The research uses slippage equal to 0.25 x ATR(3). The reason is that real-world slippage depends on how quickly the market is moving, not on one static dollar or percentage number.

Using the average true range of the last three candles gives the model a simple way to scale slippage with current volatility. It is not perfect, but it is more realistic than pretending the market moves with the same friction at all times.

Execution fee assumption

The study also assumes an execution fee of $0.0035 per share. That keeps the research from implicitly treating entries and exits as free.

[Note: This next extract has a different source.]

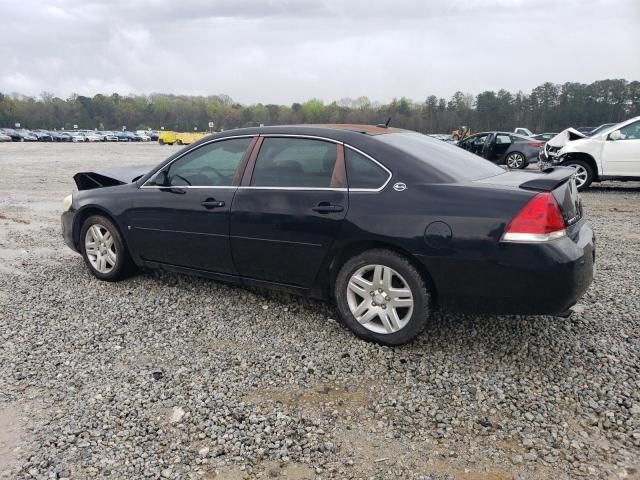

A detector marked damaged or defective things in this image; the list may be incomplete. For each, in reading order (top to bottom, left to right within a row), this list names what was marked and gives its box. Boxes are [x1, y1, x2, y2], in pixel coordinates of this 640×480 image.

wrecked white car [540, 116, 640, 189]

In practice, commissions and routing fees vary by broker and venue, but including a per-share fee helps the results stay closer to real trading conditions.

Validation

Evaluated to see whether the concept held up over time.

The research objective was not to produce a single polished backtest. The goal was to see whether the backside reversal framework could remain useful as the market evolved.

That matters because micro-cap gapper behaviour changes over time. A model that only looks good in one fixed regime is far less interesting than one that continues to make sense when conditions shift.

High-level testing record

  • Historical universe covering roughly 9 years of US stocks
  • 30,000+ gap events of 40% or more in the broader research set
  • Roughly 6 years of walkforward record for the current framework
  • Validation designed around changing market conditions rather than one fixed period

Why this matters

Built on a stronger foundation than a simple backtest screenshot.

Walkforward over static backtests

The framework was evaluated as market conditions changed, not just optimized once and left frozen in the past.

Realistic trading friction

The research includes practical assumptions such as slippage and locate-related costs, which makes the results more useful than idealized fills.

Maintained, not abandoned

The model is reviewed and re-optimized over time because the micro-cap market does not stay static, and the framework should not pretend otherwise.

Interpretation

What these results support, and what they do not promise.

What these results support

  • That the concept was researched over a meaningful historical sample
  • That the model was tested with more realism than a simple chart replay
  • That the framework showed enough persistence to justify continued use and maintenance

What they do not guarantee

  • That future performance will resemble the historical record
  • That every reversal zone should be traded mechanically
  • That live execution will match the assumptions of the study

Caveats

Important limits of the study.

Live execution can diverge

Real fills, borrow availability, halts, and fast market conditions can produce outcomes that differ materially from model assumptions.

Regime shifts remain a real risk

Even a well-tested framework can degrade if market behaviour changes far enough. That is one reason GBS is maintained and re-optimized rather than treated as static.

Historical evidence is not investment advice

The research record can support confidence in the framework, but it should not be interpreted as a promise of returns or a substitute for risk management.